• WORK TASK: Nothing but the line holding "Teppe Diagonal i fargen Sand fra Layered." and the lines after it, through the end of the records, should be set down, each exactly as it is.

• INPUT DATA:
------------------------------------------------------------
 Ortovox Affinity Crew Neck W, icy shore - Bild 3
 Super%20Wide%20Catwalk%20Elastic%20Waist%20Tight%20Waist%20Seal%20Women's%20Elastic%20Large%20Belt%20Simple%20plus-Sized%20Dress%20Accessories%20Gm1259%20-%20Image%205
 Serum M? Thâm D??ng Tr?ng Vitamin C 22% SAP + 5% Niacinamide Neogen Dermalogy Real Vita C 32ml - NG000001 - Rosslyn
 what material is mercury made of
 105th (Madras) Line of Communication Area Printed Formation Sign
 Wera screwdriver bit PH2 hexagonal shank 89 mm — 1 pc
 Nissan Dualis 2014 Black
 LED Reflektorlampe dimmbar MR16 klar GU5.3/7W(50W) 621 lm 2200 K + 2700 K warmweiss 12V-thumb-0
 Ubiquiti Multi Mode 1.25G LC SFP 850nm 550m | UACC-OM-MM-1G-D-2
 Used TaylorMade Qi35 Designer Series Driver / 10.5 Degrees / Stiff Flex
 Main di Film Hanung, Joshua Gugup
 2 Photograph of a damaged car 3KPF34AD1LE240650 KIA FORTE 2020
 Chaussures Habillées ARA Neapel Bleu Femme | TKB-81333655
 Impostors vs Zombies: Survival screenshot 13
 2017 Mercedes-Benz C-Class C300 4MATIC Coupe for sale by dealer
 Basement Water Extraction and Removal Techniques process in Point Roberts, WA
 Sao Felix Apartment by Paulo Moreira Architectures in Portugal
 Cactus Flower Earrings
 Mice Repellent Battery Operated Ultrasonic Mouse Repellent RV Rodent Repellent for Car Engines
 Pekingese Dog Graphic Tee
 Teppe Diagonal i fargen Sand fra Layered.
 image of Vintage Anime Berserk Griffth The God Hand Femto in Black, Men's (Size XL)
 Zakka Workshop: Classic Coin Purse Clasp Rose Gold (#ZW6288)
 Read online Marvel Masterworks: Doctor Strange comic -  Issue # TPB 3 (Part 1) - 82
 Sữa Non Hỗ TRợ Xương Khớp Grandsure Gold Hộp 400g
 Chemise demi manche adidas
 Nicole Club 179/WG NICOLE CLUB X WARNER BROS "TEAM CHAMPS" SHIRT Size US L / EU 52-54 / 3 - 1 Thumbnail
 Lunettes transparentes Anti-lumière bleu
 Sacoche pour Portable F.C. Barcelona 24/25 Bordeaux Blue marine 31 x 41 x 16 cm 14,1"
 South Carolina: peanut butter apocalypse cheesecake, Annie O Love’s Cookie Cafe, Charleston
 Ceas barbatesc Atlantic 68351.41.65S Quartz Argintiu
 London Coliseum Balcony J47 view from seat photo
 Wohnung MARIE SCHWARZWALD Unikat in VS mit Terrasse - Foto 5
------------------------------------------------------------
• FINISHED EXERCISE:
 Teppe Diagonal i fargen Sand fra Layered.
 image of Vintage Anime Berserk Griffth The God Hand Femto in Black, Men's (Size XL)
 Zakka Workshop: Classic Coin Purse Clasp Rose Gold (#ZW6288)
 Read online Marvel Masterworks: Doctor Strange comic -  Issue # TPB 3 (Part 1) - 82
 Sữa Non Hỗ TRợ Xương Khớp Grandsure Gold Hộp 400g
 Chemise demi manche adidas
 Nicole Club 179/WG NICOLE CLUB X WARNER BROS "TEAM CHAMPS" SHIRT Size US L / EU 52-54 / 3 - 1 Thumbnail
 Lunettes transparentes Anti-lumière bleu
 Sacoche pour Portable F.C. Barcelona 24/25 Bordeaux Blue marine 31 x 41 x 16 cm 14,1"
 South Carolina: peanut butter apocalypse cheesecake, Annie O Love’s Cookie Cafe, Charleston
 Ceas barbatesc Atlantic 68351.41.65S Quartz Argintiu
 London Coliseum Balcony J47 view from seat photo
 Wohnung MARIE SCHWARZWALD Unikat in VS mit Terrasse - Foto 5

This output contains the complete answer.